To illustrate the approach using the difference between neighboring candle prices:
- Export intraday OHLC candles and check the difference between close and open, as well as between open and previous close.
c_minus_o
is the price difference between close and open of the same candle
o_minus_c
is the price difference between open and the close of the previous candle. This one is the delta in prices between two consecutive trades.
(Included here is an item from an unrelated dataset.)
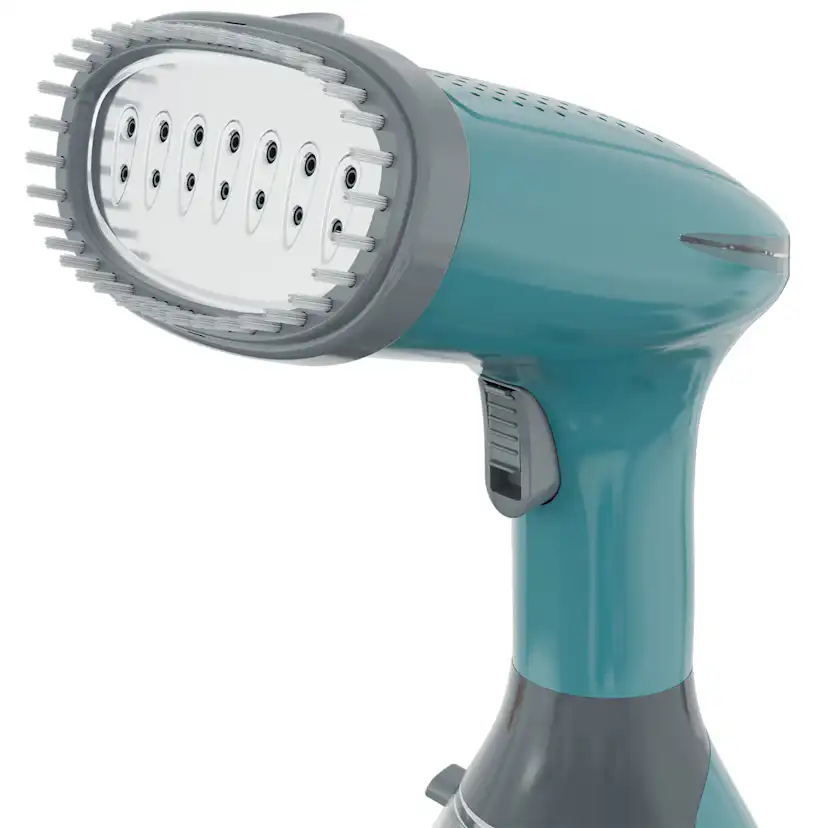 Klädångare Singer Handhållen 1500W Snabb Uppvärmning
| datetime | symbol | open() | close() | c_minus_o | o_minus_c |
|----------|---------|---------:|--------:|----------:|----------:|
| 09:30:00 | AVA.US | 40.64 | 40.61 | -0.03 | |
| 09:31:00 | AVA.US | 40.425 | 40.425 | 0 | -0.185 |
| 09:32:00 | AVA.US | 40.435 | 40.48 | 0.045 | 0.01 |
| 09:33:00 | AVA.US | 40.56 | 40.555 | -0.005 | 0.08 |
| 09:34:00 | AVA.US | 40.58 | 40.49 | -0.09 | 0.025 |
| 09:35:00 | AVA.US | 40.5 | 40.5 | 0 | 0.01 |
| 09:38:00 | AVA.US | 40.42 | 40.33 | -0.09 | -0.08 |
| 09:39:00 | AVA.US | 40.46 | 40.46 | 0 | 0.13 |
| 09:40:00 | AVA.US | 40.5118 | 40.52 | 0.0082 | 0.0518 |
| ... | | | | | |
| 09:30:00 | AVAV.US | 111.37 | 110.85 | -0.52 | |
| 09:37:00 | AVAV.US | 110.79 | 110.71 | -0.08 | -0.06 |
| 09:39:00 | AVAV.US | 110.7 | 110.7 | 0 | -0.01 |
| 09:40:00 | AVAV.US | 111.7459 | 111.35 | -0.3959 | 1.0459 |
| 09:42:00 | AVAV.US | 111.395 | 111.345 | -0.05 | 0.045 |
| 09:44:00 | AVAV.US | 111.53 | 111.56 | 0.03 | 0.185 |
| 09:46:00 | AVAV.US | 111.9926 | 111.95 | -0.0426 | 0.4326 |
| 09:48:00 | AVAV.US | 111.68 | 111.7 | 0.02 | -0.27 |
| 09:49:00 | AVAV.US | 111.25 | 110.86 | -0.39 | -0.45 |
I used the LAG
function in SQL which is analogous to relative cell references in Excel.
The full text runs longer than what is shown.